The genesis of the work is as follows: In 1979, performance Grace Ferguson asked me to prepare a "soundscore" for her piece, Don't Sue the Weatherman. I went around the San Francisco Bay and recorded a number of different fog horns. A kind of tape collage resulted, using not only fog horns but other sea sounds, falsetto keenings and gambuh (a Balinese flute). Much electronic processing and tape manipulation were visited upon the raw sounds.
I extracted part of the score, calling it simply Fog, and began playing it as a tape piece before Gradual Requiem. The idea of adding brass music as an overlay - or a trope, if you will - came when John Adams invited me to perform at the San Francisco Symphony's New and Unusual concert series.
He suggested that Fog might benefit from some "live" horns.
So, I composed the new version in January 1982, employing some of the harmonic ideas of Gradual Requiem (e.g. ascending minor triads) and it was premiered at the Japan Center Theatre on February 18th with members of the San Francisco New Music Ensemble, John Adams conducting.

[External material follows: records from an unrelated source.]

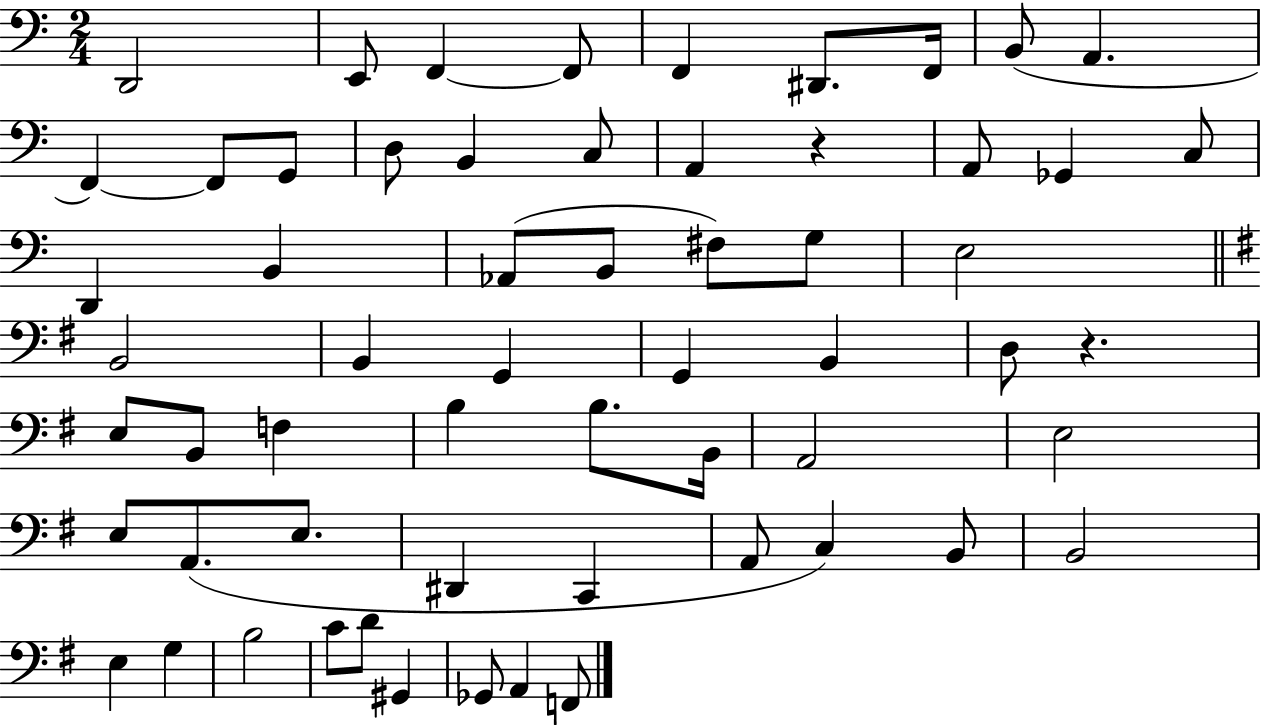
X:1
T:Untitled
M:2/4
L:1/4
K:C
D,,2 E,,/2 F,, F,,/2 F,, ^D,,/2 F,,/4 B,,/2 A,, F,, F,,/2 G,,/2 D,/2 B,, C,/2 A,, z A,,/2 _G,, C,/2 D,, B,, _A,,/2 B,,/2 ^F,/2 G,/2 E,2 B,,2 B,, G,, G,, B,, D,/2 z E,/2 B,,/2 F, B, B,/2 B,,/4 A,,2 E,2 E,/2 A,,/2 E,/2 ^D,, C,, A,,/2 C, B,,/2 B,,2 E, G, B,2 C/2 D/2 ^G,, _G,,/2 A,, F,,/2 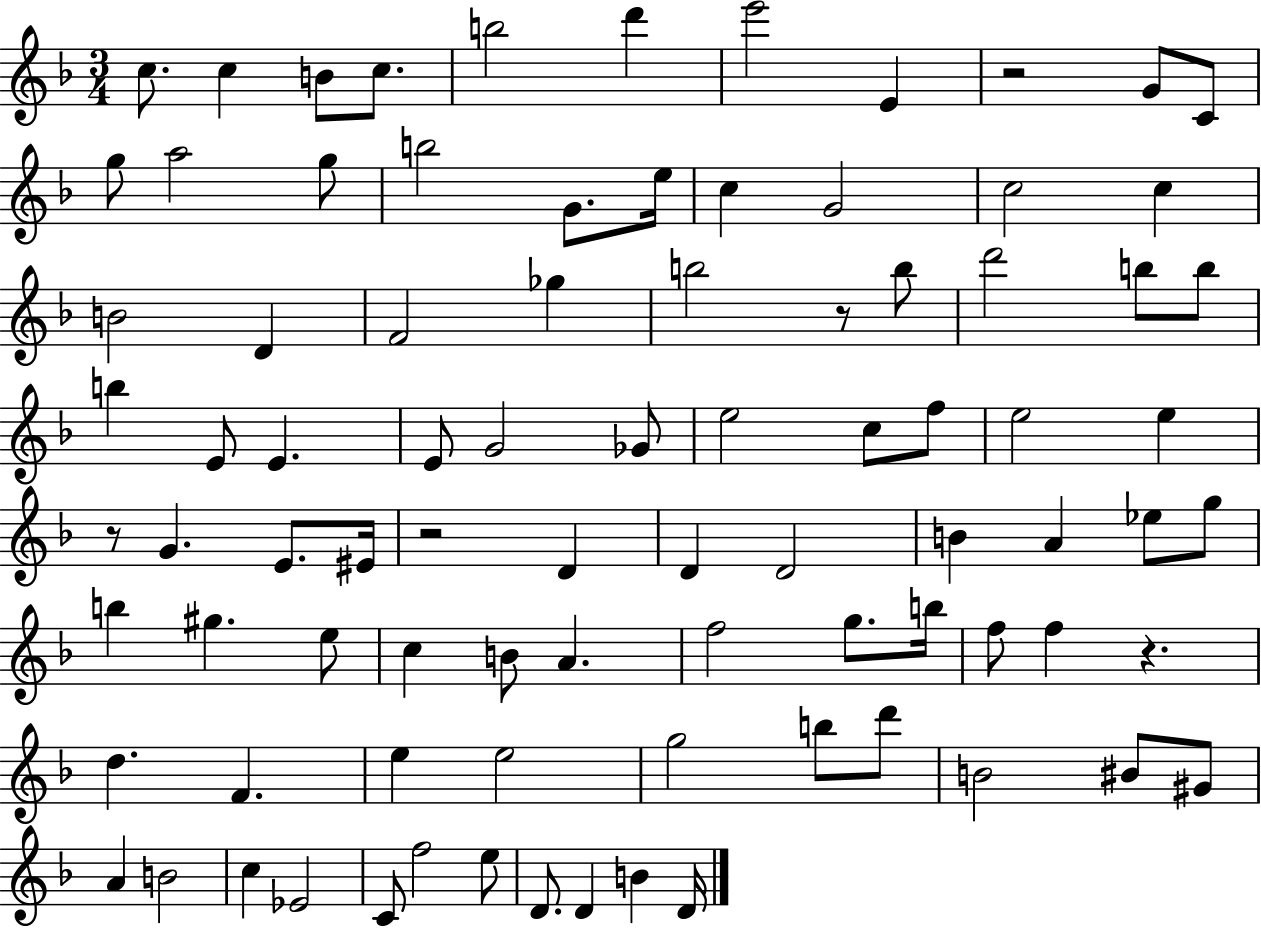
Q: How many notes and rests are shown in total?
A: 87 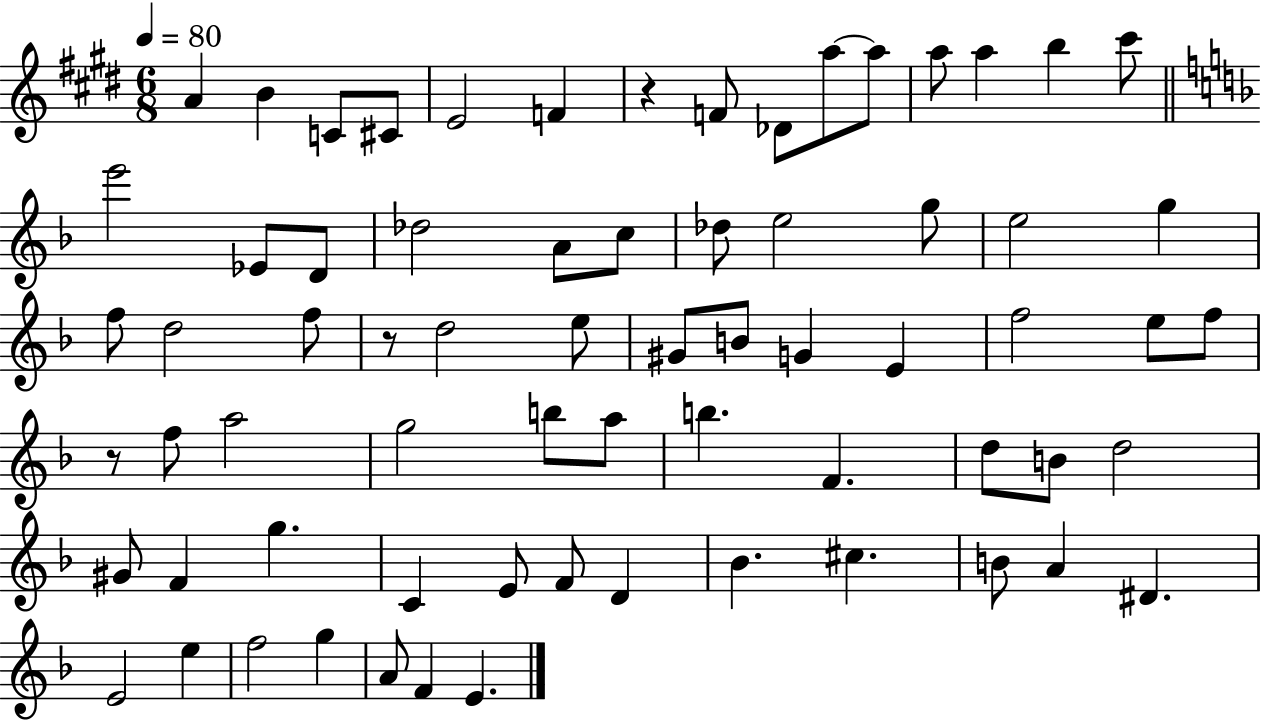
A4/q B4/q C4/e C#4/e E4/h F4/q R/q F4/e Db4/e A5/e A5/e A5/e A5/q B5/q C#6/e E6/h Eb4/e D4/e Db5/h A4/e C5/e Db5/e E5/h G5/e E5/h G5/q F5/e D5/h F5/e R/e D5/h E5/e G#4/e B4/e G4/q E4/q F5/h E5/e F5/e R/e F5/e A5/h G5/h B5/e A5/e B5/q. F4/q. D5/e B4/e D5/h G#4/e F4/q G5/q. C4/q E4/e F4/e D4/q Bb4/q. C#5/q. B4/e A4/q D#4/q. E4/h E5/q F5/h G5/q A4/e F4/q E4/q. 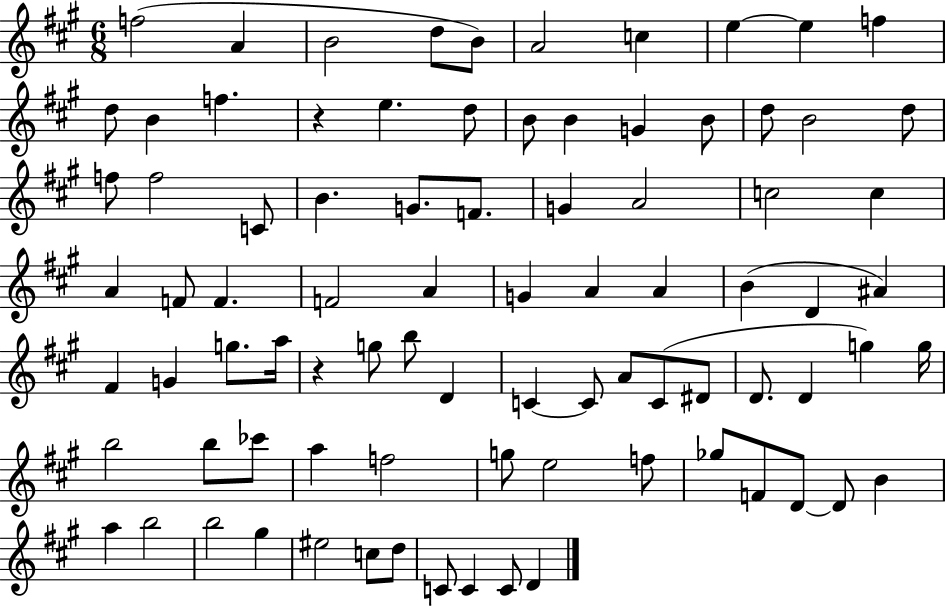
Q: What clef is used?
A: treble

It has since enjoyed performances by other ensembles, including the Pittsburth, St. Louis and San Francisco Symphonies, the Vancouver New Music Society, Solid Brass, and others. A lot of people are reminded of San Francisco when they hear this piece, but not I. To me it is just about fog, and being lost in the fog.
The brass players should sound as if they were off in a raft floating in the middle of a mist-enshrouded bay.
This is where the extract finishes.